Akerman funded Blow up My Town by reselling diamond stocks at the Antwerp stock exchange and filmed it at age 18, only three months after she dropped out of her studies in Belgium. Although the main inspiration came from Godard’s Pierrot le fou (1968), which enthused the 15-year-old Akerman to make films, and the film can be perceived as an expression of the new generation (after all, it was 1968), her debut film clearly defines the oeuvre of the author (and is also the twin of the later, more well-known film Jeanne Dielman, 23 quai du Commerce, 1080 Bruxelles, 1975). Blow up My Town already signals all the themes and stylistic devices that make Akerman’s cinematic language profoundly her own and identifiable: interest in women and their daily lives; the meaning of time in films and in real life (breaks, inactivity, unfilled time, and boredom); and domestic, sparsely furnished spaces as settings that are essential to developing the characters who occupy them.

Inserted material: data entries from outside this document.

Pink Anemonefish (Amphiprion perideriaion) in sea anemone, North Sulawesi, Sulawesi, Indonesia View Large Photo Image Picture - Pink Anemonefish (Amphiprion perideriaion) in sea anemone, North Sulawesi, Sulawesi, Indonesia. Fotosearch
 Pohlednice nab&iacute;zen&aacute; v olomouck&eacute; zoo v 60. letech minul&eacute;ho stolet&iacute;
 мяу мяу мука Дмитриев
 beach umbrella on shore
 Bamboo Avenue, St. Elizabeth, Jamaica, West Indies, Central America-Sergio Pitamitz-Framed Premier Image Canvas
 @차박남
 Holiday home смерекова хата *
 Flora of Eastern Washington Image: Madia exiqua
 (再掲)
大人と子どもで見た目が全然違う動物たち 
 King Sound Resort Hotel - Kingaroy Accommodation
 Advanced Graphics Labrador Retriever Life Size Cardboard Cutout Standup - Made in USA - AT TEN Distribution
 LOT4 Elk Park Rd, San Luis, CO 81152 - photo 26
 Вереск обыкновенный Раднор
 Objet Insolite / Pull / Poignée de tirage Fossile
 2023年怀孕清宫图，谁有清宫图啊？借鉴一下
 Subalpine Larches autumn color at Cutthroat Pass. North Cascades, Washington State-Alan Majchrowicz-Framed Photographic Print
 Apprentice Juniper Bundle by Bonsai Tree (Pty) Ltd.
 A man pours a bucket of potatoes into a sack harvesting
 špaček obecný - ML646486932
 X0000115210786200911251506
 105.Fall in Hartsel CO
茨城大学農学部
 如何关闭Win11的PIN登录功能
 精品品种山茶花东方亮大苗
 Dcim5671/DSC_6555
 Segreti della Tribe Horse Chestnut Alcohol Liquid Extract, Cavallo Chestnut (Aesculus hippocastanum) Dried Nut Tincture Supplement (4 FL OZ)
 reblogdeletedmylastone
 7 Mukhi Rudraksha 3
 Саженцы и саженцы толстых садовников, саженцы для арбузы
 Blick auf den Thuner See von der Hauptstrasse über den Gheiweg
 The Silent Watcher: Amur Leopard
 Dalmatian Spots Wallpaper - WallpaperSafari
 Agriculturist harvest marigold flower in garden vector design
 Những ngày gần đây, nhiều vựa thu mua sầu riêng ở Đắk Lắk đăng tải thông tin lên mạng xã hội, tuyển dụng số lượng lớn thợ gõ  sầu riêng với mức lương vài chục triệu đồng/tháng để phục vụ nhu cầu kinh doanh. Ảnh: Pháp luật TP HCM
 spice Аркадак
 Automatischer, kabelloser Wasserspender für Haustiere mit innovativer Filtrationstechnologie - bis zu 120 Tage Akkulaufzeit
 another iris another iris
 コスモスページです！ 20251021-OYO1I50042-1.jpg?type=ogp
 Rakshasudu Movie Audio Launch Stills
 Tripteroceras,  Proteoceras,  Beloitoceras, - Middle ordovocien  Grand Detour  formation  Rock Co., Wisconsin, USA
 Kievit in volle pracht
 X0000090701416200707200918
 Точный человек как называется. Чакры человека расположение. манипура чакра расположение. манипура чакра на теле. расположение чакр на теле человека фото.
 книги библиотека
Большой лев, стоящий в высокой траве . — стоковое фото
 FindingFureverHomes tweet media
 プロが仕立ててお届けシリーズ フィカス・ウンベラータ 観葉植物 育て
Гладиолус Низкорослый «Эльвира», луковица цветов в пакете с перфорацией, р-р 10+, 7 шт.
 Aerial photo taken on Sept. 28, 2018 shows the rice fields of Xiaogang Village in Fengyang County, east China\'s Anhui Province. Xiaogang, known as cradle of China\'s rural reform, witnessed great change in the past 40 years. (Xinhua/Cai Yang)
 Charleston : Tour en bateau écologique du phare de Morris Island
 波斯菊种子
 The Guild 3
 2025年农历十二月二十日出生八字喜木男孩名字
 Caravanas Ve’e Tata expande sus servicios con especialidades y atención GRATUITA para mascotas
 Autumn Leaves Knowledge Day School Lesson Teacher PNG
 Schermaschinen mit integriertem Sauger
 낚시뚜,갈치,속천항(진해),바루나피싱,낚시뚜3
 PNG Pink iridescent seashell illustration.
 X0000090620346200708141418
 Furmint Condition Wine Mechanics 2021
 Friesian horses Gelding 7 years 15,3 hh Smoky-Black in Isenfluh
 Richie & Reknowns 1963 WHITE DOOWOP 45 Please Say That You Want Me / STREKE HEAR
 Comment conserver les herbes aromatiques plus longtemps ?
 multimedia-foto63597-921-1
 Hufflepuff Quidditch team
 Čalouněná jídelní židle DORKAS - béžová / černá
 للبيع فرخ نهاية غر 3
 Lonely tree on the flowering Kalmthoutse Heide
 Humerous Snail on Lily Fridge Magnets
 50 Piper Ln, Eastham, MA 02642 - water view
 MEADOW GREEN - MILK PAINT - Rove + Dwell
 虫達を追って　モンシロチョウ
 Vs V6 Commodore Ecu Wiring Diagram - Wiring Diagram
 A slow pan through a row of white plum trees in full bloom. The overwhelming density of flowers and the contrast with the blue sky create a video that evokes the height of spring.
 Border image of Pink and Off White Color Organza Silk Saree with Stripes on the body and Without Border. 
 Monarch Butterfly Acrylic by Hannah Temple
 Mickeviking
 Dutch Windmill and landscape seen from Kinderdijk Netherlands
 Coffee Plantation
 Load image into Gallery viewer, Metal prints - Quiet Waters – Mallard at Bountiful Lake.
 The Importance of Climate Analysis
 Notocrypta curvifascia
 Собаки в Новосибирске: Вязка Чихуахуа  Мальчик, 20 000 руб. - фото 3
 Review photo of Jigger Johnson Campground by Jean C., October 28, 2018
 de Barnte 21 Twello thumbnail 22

Akerman frequently took on the roles herself, performing actions, rituals, or repetitions while staring directly into the camera (she eats, sleeps, writes constantly, lies in bed, moves the furniture, reads her mother's letters, etc.).

In the 1972 short film The Room, the camera films the author’s New York apartment in a 360° panorama shot. From an upholstered chair, the horizontal movement takes us to a still life on a table, then to a big steel kettle, a wooden chest of drawers, and a bed with a woman—Akerman herself. Since there is no sound, we are forced to carefully observe the room, its various details, the shots, and the variations in the woman's gesticulation with each slow turn of the camera. Akerman and her long-time director of photography, Babette Mangolte, were inspired to make The Room by Michael Snow's three-hour experimental film La Région Centrale (1971), about which Akerman once said in an interview that it had opened her ‘mind to /…/ time as the most vital element of a film’.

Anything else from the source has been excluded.